Do you see the hypocrisy?

The biggest kicker of all is the fact that being “gay” actually isn’t a sin. (Whoa, you lost me there Jake…) Just follow me for a second. You see the Bible never condemns gay people. The Bible only condemns homosexual acts. Go look it up… For you can be “gay” and have the temptation to commit a homosexual act, yet resist that temptation and remain pure. Can you not? If temptation is a sin, then Jesus was a sinner, and that would be blasphemy. Could we not have gay men and women in our church who are not sinful sexually? I’m honestly asking, and if you could help me out here, I’d love to hear your thoughts.

However, all of this division is happening at a cost to both the church and this community. There ARE men and women who God created with specific gifts that the church needs, and we as a church have isolated all of these people and told them they aren’t welcome here until they stop being who they are. Since when did Christ die for the men and women who have it all right?

You see, I believe that God created all men and women exactly the way he intended to. If you are gay and reading this, I want to say to you, that I don’t believe God made a mistake when it came to you! He knit you together in your mother’s womb, and gave you unique gifts to be used to glorify him. And while I am firm in my interpretation of scripture that homosexual actions are sinful, I also believe, that Christ is calling you to discover your identity in him.
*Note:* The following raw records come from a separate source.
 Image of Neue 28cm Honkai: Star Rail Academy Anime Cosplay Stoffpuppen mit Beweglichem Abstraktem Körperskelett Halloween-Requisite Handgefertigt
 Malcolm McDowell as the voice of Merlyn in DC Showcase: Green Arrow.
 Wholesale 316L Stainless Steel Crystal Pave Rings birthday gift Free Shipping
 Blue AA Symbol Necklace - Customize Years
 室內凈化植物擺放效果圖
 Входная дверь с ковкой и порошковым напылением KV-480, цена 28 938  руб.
He doesn’t want your identity to be defined by your sexuality, he wants your identity to be defined by him. So, I want to open that door for you! And I 100% believe, that if you give your life to him, denying yourself to follow him, then God will lead you into the truth about why he created you the way he did. I believe God wants to use the unique gifts he gave you to bless the church and reach the lost. I don’t think you were created wrong. I believe that God wants to show you who you really are and that He has great plans for you, AND THE CHURCH, if you will follow Him.
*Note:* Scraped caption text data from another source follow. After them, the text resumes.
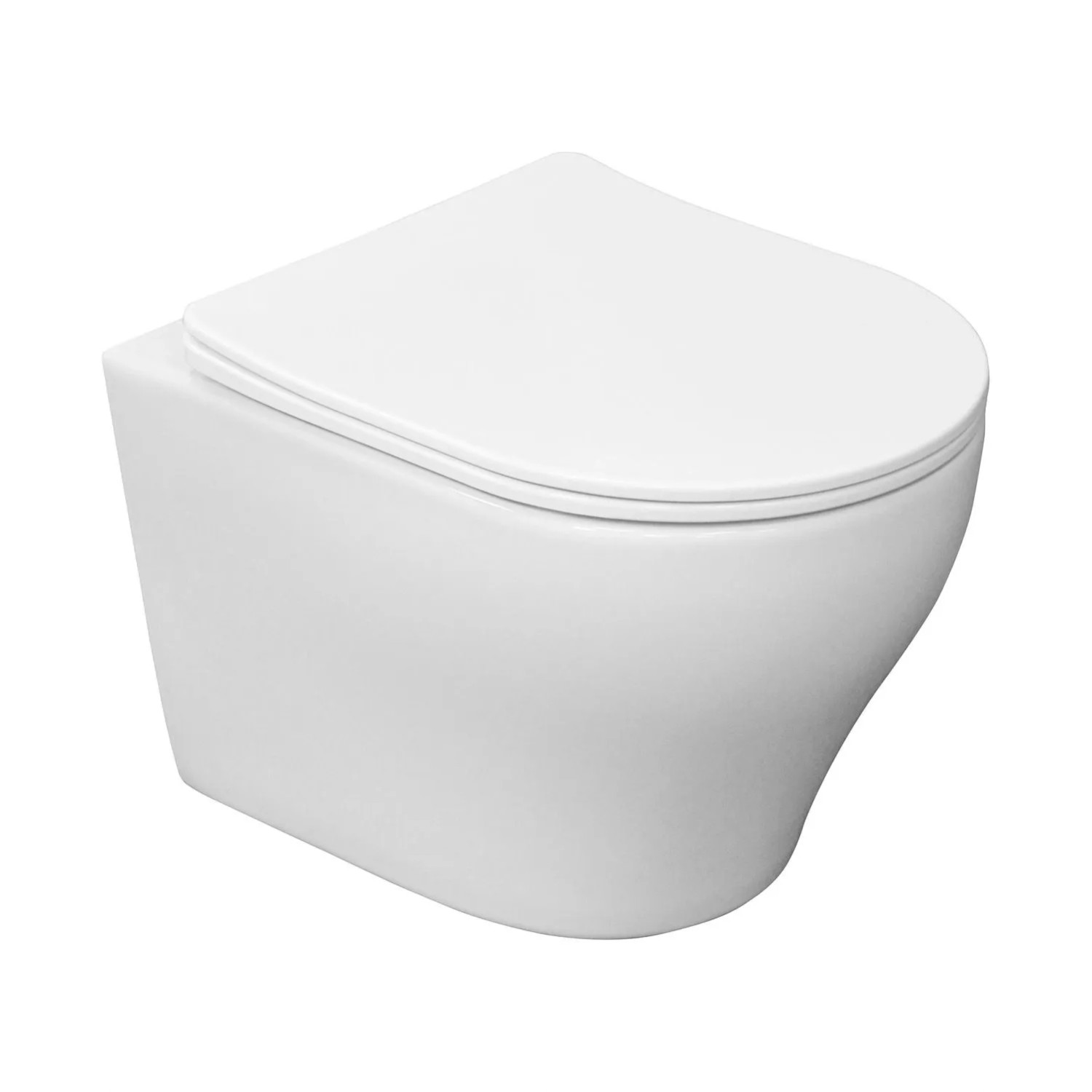 Miska Wc Avella Wirowa z deską wolnoopadającą 33x37x49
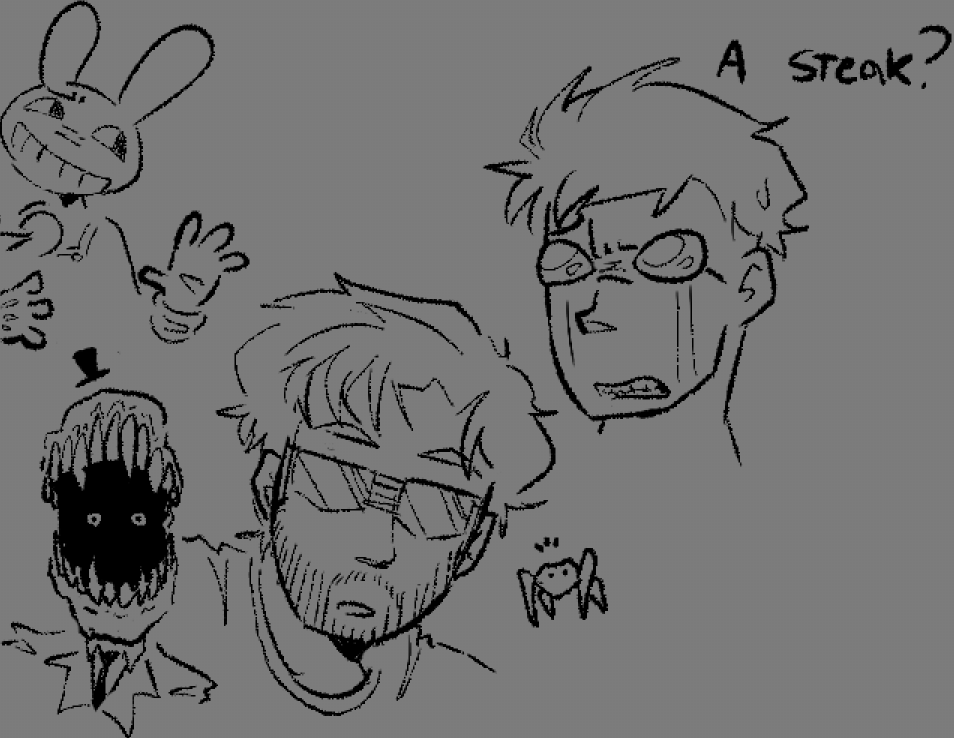 haven't drawn in a while so here is some bullshit to fill up
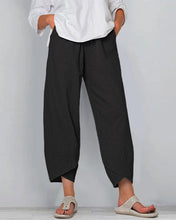 Load image into Gallery viewer, Solid Color Elastic Waist Casual Pants For Women
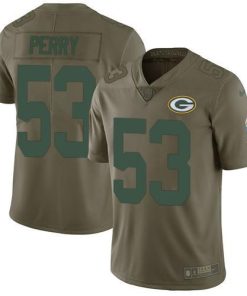 Nike Green Bay Packers #53 Nick Perry Olive Stitched Limited 2017 Salute To Service Jersey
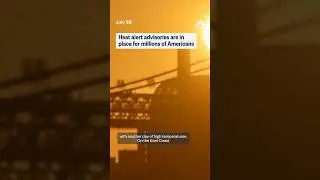 Heat alert advisories are in place for millions of Americans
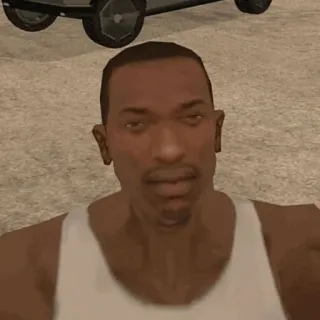 🔪 48b1f35a Carl Johnson Grand Theft Auto: San Andreas CJ, GTA, San Andreas, Videogame, Personage telegram sticker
And we, the rest of the church, need to recognize these people as God’s children, and start creating a place for them in our churches. Creating a place for them to be able to use their gifts in the church! How do we do this? What does that look like? We can only find that solution when we open up the lines of communication about this topic. And we will never communicate effectively unless we begin reaching out to the LGBTQ community to form relationships. It is time that we started treating this community as if they were our own sons and daughters…. as if they were God’s sons and daughters. It’s time that we started treating them as people who we will NEVER give up on; who have our unconditional love. And even if there are mistakes being made in their lives, NOTHING can separate them from our love for them, because that is how God loves us.

And maybe… just maybe, the Holy Spirit is finally going to be able to start working some stuff out! Maybe, the Spirit will start showing us how we can be a church without walls to the LGBTQ community. And maybe, just maybe, the Holy Spirit will finally have the avenue to speak truth into our LGBTQ brothers and sisters THROUGH US, as well as speak truth into the church THROUGH them.

I obviously don’t have all the answers, but it’s about time we start having these conversations.